Volume On ELX Futures Nearly 40,000 On First Day Of Trading
July 10 2009 - 6:28PM
Dow Jones News
ELX Futures traded nearly 40,000 Treasury futures contracts on
its first day of business, a would-be opening shot against
Chicago-based derivatives giant CME Group Inc. (CME).
The figure addressed lingering doubts as to whether the new
electronic platform would draw any activity upon launch, with ELX's
total volume representing 3.2% of CME's Treasury derivatives
business, where about 1.23 million contracts traded electronically
over Friday's session.
In an interview, ELX Futures Chief Executive Neal Wolkoff said
first-day trading activity exceeded his expectations, with the
number of users "outstanding."
The upstart exchange, in development for a year and a half, is
backed by a consortium of banks, trading firms and technology
companies pushing a lower-cost alternative to CME, which maintains
an effective monopoly on Treasury futures.

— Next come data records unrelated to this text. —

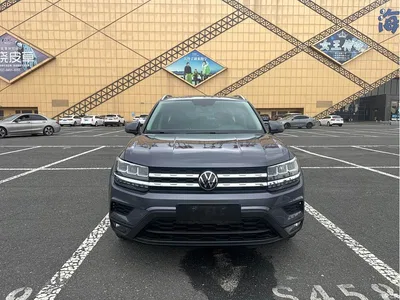 2022 Volkswagen Tharu 280TSI FWD Luxury Edition, фото 2, лот 10477581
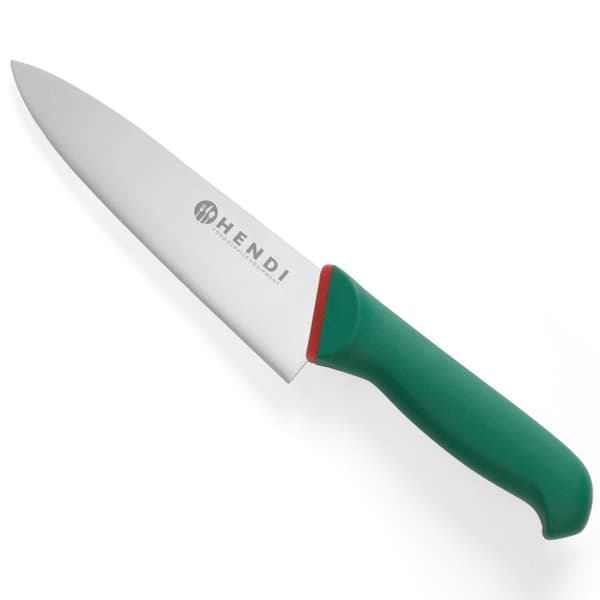 Green Line kokkekniv 360 mm Hendi 843307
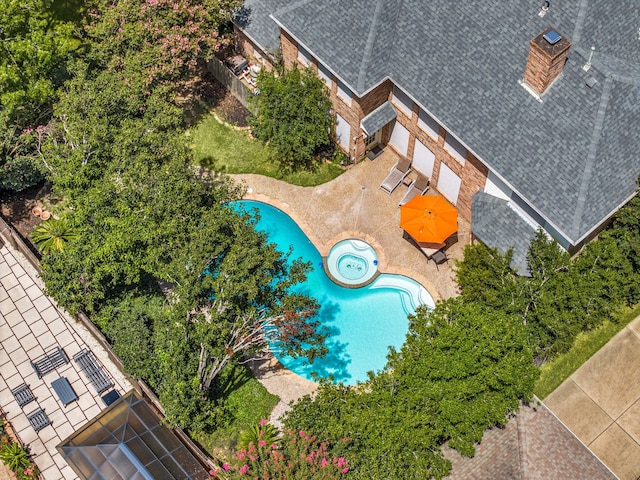 2010 Briarchester Dr, Katy, TX 77450 - photo 42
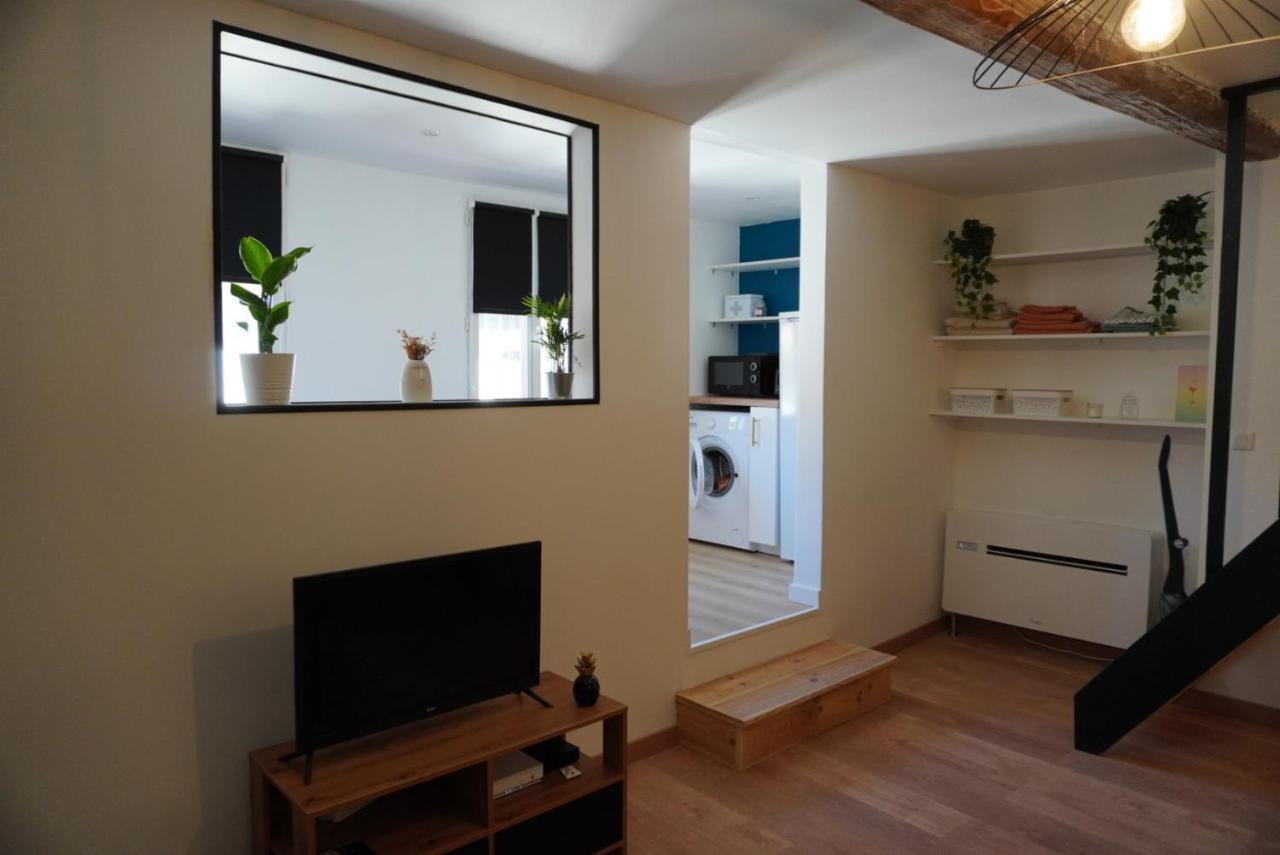 Appartement En Plein Centre อาวีญง ภายนอก รูปภาพ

CME executives have been dismissive of ELX, the latest in a
series of ventures aimed at loosening its hold on the market.
"We provide the most efficient markets for our global customers
who rely on our ability to provide liquidity backed by our proven
central counterparty clearing model," said Michael Shore, a CME
spokesman, on Friday.
Wolkoff said that much of ELX's opening-day business came from
its backers, which include Goldman Sachs (GS), Citigroup Inc. (C),
Deutsche Bank (DB), Merrill Lynch & Co. and its acquirer Bank
of America Corp. (BAC), Barclays PLC (BCS) unit Barclays Capital,
Credit Suisse Group (CS), BGC Partners Inc. (BGCP), Getco, JPMorgan
Chase & Co. (JPM), Peak6 and Royal Bank of Scotland PLC
(RBS).
ELX also saw some business from outside customers, Wolkoff said;
in recent weeks he has signed up futures commissions merchants
Newedge and MF Global (MF).
At the close of trading Friday, ELX saw about 20,000
September-dated 10-year Treasury futures, its most actively traded
product, change hands,
Trading volume in September five-year Treasury futures was about
10,000 contracts, 5,800 in 30-year bond futures, and 3,700 in
two-year notes.
More impressive than the volume, Wolkoff said, was the fact that
prices on ELX's Treasury futures generally marched in lockstep with
their counterparts on CME.
That shows market participants that ELX can provide the same
quality of trade execution as its much-larger competitor, according
to Wolkoff.
"Nobody would execute on an upstart market if they could get a
better price on an established market," he said.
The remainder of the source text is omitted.